Overview
This prompt aims to guide developers in creating an AI agent for a PC game, enhancing their programming and machine learning skills. Game developers and AI enthusiasts will benefit by learning how to implement reinforcement learning in a practical scenario.
Prompt Overview
Purpose: The AI agent aims to master the “Red Light Green Light” game by learning optimal movement strategies.
Audience: This project is intended for game developers and AI enthusiasts interested in reinforcement learning applications.
Distinctive Feature: The AI employs adaptive learning techniques to improve its gameplay based on real-time feedback from the environment.
Outcome: The final product will be a well-documented AI capable of efficiently navigating the game while avoiding penalties.
Quick Specs
- Media: Text
- Use case: Generation
- Industry: AI Agents & Automation, Machine Learning & Data Science
- Techniques: Decomposition, Plan-Then-Solve, Self-Critique / Reflection
- Models: Claude 3.5 Sonnet, Gemini 2.0 Flash, GPT-4o, Llama 3.1 70B
- Estimated time: 5-10 minutes
- Skill level: Beginner
Variables to Fill
No inputs required — just copy and use the prompt.
Example Variables Block
No example values needed for this prompt.
The Prompt
Develop an AI agent for a PC game that learns to play “Red Light Green Light.”
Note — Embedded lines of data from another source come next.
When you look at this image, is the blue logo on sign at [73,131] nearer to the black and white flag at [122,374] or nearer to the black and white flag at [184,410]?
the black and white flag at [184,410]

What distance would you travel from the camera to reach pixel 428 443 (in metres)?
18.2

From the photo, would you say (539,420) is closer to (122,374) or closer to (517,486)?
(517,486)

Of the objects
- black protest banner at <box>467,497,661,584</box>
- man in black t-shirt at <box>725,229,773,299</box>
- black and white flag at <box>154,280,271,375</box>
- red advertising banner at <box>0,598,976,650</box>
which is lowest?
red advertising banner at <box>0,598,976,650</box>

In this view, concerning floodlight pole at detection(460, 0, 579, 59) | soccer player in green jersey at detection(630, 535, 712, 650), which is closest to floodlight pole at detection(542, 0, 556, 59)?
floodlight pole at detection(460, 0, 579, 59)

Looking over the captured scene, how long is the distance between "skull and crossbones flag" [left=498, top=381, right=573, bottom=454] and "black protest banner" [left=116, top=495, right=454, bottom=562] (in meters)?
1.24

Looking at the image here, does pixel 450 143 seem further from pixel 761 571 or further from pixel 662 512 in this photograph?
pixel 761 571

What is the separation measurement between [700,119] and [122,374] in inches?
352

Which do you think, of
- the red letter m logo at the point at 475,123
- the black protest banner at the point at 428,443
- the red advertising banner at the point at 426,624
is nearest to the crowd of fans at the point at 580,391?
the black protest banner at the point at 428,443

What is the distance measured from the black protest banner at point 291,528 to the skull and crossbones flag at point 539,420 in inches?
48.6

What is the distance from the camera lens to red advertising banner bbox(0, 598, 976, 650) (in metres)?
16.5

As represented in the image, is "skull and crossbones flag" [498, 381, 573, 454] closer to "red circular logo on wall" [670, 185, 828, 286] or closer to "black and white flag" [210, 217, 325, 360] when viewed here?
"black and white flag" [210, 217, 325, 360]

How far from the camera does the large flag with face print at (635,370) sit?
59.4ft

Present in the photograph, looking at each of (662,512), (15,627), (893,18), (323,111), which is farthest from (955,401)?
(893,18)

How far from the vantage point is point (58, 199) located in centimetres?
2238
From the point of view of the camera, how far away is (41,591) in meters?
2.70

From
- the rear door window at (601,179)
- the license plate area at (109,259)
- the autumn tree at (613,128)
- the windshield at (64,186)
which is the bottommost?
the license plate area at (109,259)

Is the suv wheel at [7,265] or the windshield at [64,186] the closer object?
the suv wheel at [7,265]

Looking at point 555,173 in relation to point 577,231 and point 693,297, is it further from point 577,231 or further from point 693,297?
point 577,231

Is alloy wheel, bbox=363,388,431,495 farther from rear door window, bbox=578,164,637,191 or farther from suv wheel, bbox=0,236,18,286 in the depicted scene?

The AI should understand and follow the game’s core mechanics:
– Move forward only during the “green light” phases.
– Stop immediately during “red light” phases to avoid being caught.
Implement learning strategies such as reinforcement learning or other suitable machine learning techniques to enable the AI to improve its performance over time through practice and interaction.
**Requirements:**
– Simulate the “Red Light Green Light” environment with clearly defined light phases.
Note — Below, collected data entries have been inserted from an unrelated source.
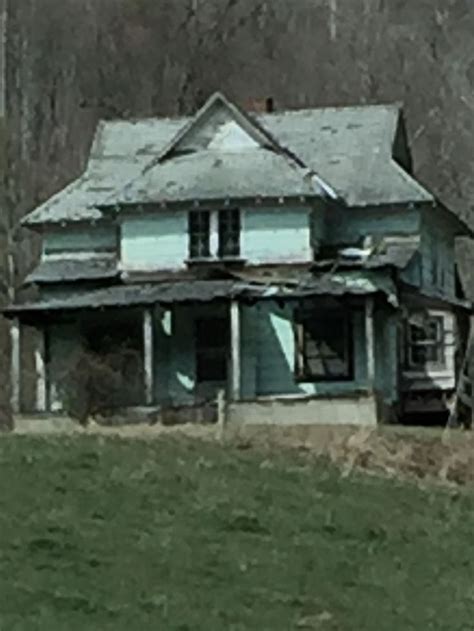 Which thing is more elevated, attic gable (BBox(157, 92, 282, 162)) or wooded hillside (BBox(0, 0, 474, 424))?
wooded hillside (BBox(0, 0, 474, 424))

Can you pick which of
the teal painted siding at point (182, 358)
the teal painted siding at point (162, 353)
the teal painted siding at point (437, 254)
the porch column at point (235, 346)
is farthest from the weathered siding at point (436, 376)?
the teal painted siding at point (162, 353)

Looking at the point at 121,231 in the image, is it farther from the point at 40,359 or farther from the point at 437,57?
the point at 437,57

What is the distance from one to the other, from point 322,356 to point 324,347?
0.19m

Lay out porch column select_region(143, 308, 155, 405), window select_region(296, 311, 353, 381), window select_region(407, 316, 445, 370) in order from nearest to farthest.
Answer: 1. porch column select_region(143, 308, 155, 405)
2. window select_region(296, 311, 353, 381)
3. window select_region(407, 316, 445, 370)

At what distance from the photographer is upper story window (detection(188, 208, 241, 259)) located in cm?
4391

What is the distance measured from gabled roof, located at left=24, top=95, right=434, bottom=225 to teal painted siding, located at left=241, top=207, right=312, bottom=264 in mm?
542

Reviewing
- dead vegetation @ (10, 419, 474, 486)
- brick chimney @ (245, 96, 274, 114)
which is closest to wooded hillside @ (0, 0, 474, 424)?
brick chimney @ (245, 96, 274, 114)

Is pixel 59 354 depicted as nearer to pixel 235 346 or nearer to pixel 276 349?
pixel 276 349

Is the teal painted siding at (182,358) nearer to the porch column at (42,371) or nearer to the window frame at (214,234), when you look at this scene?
the window frame at (214,234)

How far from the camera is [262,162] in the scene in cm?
4469

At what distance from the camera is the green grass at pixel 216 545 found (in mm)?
17891

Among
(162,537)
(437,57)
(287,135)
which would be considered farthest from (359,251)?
(437,57)

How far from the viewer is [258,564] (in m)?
20.1

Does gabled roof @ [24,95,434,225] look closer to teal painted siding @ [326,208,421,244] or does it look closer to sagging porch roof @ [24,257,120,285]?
teal painted siding @ [326,208,421,244] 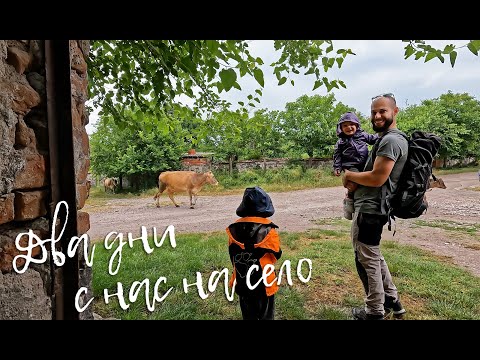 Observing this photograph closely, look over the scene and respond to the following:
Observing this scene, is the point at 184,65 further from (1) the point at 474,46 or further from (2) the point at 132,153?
(2) the point at 132,153

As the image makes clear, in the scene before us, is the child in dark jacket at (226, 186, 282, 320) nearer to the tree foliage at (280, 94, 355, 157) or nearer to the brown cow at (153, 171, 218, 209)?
the tree foliage at (280, 94, 355, 157)

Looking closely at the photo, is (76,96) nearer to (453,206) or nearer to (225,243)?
(225,243)

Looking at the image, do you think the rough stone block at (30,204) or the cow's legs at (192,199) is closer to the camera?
the rough stone block at (30,204)

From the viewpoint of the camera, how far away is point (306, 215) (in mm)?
6059

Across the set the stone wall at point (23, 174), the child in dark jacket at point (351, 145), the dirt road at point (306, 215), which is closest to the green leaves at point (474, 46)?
the child in dark jacket at point (351, 145)

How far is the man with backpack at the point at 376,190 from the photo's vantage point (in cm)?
175

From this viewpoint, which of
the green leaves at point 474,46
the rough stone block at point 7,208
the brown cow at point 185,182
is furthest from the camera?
the brown cow at point 185,182

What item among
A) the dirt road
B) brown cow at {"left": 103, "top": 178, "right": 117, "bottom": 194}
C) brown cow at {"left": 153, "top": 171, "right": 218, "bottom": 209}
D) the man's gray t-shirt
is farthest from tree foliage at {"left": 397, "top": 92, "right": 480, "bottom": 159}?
brown cow at {"left": 103, "top": 178, "right": 117, "bottom": 194}

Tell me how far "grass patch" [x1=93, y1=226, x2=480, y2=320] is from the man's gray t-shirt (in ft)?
1.99

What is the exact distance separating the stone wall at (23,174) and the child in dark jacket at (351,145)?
1.67m

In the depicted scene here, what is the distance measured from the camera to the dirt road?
4.28 meters

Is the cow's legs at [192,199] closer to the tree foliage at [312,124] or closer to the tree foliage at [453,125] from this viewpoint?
the tree foliage at [312,124]

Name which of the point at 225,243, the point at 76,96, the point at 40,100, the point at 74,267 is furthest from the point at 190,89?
the point at 225,243

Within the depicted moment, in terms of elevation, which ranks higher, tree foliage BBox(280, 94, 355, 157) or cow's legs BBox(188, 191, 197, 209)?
tree foliage BBox(280, 94, 355, 157) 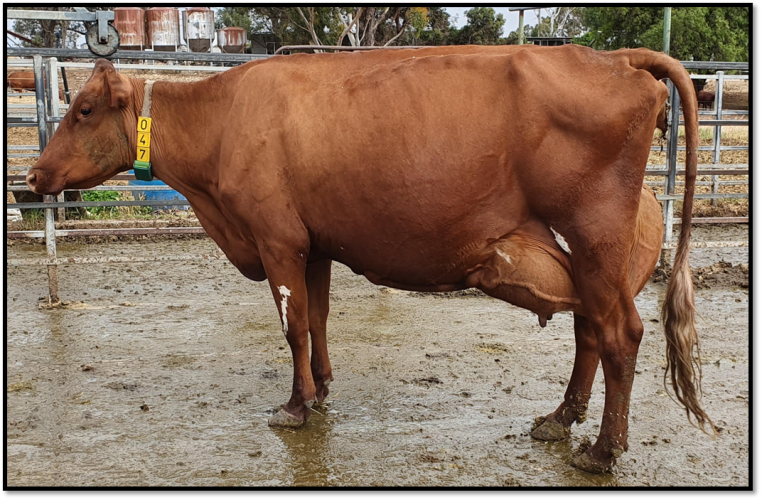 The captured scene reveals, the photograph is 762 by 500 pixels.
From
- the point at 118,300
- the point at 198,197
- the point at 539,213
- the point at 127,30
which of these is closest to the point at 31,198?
the point at 118,300

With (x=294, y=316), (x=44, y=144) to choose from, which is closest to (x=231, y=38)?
(x=44, y=144)

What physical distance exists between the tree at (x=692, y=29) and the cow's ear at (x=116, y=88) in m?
25.3

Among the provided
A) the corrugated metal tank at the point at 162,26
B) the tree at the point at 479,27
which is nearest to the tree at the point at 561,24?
the tree at the point at 479,27

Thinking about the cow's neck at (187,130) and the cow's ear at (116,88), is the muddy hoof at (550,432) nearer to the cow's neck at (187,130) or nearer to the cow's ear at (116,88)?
the cow's neck at (187,130)

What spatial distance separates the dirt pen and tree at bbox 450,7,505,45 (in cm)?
3297

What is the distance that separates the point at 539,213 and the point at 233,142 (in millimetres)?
Result: 1733

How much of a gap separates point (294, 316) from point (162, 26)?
41066 mm

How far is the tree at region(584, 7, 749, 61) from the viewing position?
90.0 ft

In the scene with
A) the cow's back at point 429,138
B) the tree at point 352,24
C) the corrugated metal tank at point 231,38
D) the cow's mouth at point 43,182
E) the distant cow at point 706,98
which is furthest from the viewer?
the corrugated metal tank at point 231,38

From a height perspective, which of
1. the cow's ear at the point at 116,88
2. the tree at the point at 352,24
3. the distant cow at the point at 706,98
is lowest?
the cow's ear at the point at 116,88

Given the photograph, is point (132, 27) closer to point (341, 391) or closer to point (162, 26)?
point (162, 26)

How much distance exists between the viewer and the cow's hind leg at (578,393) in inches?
162

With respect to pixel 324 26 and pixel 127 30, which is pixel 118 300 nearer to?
pixel 324 26

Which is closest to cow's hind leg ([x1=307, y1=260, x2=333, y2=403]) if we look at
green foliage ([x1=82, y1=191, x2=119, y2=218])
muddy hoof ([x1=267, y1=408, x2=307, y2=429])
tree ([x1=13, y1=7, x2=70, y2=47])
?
muddy hoof ([x1=267, y1=408, x2=307, y2=429]) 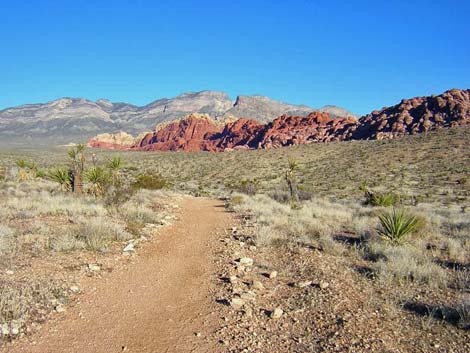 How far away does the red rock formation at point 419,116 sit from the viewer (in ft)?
192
– The AI perceives the current light state and decides when to move or stop.
– Incorporate learning mechanisms so the AI’s gameplay improves progressively.
– Include logic for the AI to identify penalty conditions (e.g., moving during red light) and adjust its behavior accordingly.
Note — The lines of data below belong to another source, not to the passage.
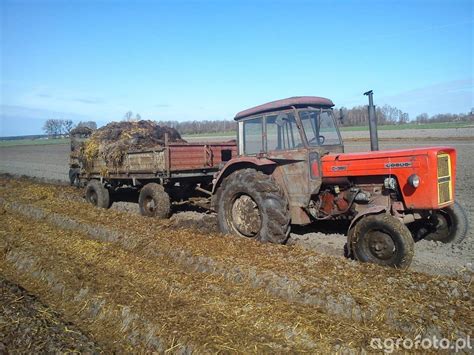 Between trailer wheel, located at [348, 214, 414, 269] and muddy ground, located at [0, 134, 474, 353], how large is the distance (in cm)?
22

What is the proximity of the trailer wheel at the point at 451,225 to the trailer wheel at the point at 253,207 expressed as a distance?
243 cm

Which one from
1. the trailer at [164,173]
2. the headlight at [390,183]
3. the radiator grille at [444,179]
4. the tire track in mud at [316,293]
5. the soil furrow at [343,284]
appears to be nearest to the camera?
the tire track in mud at [316,293]

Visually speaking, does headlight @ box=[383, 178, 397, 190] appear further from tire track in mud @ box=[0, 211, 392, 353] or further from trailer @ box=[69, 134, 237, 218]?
trailer @ box=[69, 134, 237, 218]

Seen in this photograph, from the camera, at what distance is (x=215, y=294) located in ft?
14.4

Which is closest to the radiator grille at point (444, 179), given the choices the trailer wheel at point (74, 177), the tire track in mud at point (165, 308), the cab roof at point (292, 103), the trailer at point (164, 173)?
the cab roof at point (292, 103)

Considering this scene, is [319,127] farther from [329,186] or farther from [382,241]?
[382,241]

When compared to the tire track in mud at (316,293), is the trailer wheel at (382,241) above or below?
above

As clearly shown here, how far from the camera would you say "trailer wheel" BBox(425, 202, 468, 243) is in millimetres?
6137

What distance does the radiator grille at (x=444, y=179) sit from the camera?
5461 millimetres

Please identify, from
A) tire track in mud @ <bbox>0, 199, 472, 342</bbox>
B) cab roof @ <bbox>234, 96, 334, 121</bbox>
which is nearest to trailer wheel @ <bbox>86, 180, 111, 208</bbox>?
tire track in mud @ <bbox>0, 199, 472, 342</bbox>

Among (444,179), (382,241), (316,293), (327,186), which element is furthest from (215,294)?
(444,179)

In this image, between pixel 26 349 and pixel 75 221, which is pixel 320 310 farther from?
pixel 75 221

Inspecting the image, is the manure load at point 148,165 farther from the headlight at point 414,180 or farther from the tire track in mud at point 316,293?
the headlight at point 414,180

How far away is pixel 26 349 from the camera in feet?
11.6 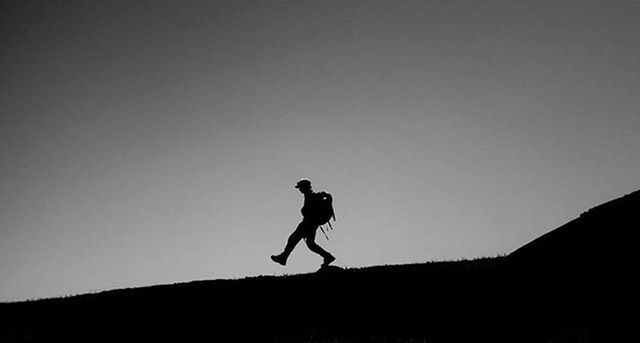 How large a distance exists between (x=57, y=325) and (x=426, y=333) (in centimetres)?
792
– The AI should aim to reach the finish line as quickly and safely as possible.
**# Steps**
1. Define and simulate the game environment, including timing and switching of green and red lights.
2. Design the AI’s input perception system (e.g., detecting light state).
3. Choose and implement a learning algorithm (e.g., reinforcement learning).
4. Train the AI through multiple gameplay sessions.
5. Evaluate AI performance and refine the model.
**# Output Format**
Provide the complete and well-documented source code for the AI player and game simulation.
Additionally, include:
– A detailed explanation of the learning approach used.
– Instructions on how to run and test the AI in the “Red Light Green Light” environment.
Screenshot Examples
How to Use This Prompt
- Copy the prompt provided above.
- Paste the prompt into your coding environment.
- Follow the outlined steps to develop the AI agent.
- Implement the game simulation as described.
- Test the AI’s performance and refine as needed.
- Document your code and learning approach thoroughly.
Tips for Best Results
- Define Game Environment: Create a simulation that alternates between red and green light phases with precise timing.
- Input Perception System: Implement a mechanism for the AI to accurately detect the current light state to decide when to move or stop.
- Learning Algorithm: Utilize reinforcement learning techniques to enable the AI to learn from its actions and improve over time.
- Performance Evaluation: Regularly assess the AI’s gameplay effectiveness and refine its strategies based on performance metrics.
FAQ
- What is the main objective of the AI in the game?
The AI aims to reach the finish line quickly and safely by following light signals. - How does the AI know when to move or stop?
The AI perceives the current light state, moving during green light and stopping during red light. - What learning strategy can be used for the AI?
Reinforcement learning is suitable, allowing the AI to improve through practice and feedback. - What happens if the AI moves during red light?
The AI incurs penalties, prompting it to adjust its behavior to avoid future mistakes.
Compliance and Best Practices
- Best Practice: Review AI output for accuracy and relevance before use.
- Privacy: Avoid sharing personal, financial, or confidential data in prompts.
- Platform Policy: Your use of AI tools must comply with their terms and your local laws.
Revision History
- Version 1.0 (February 2026): Initial release.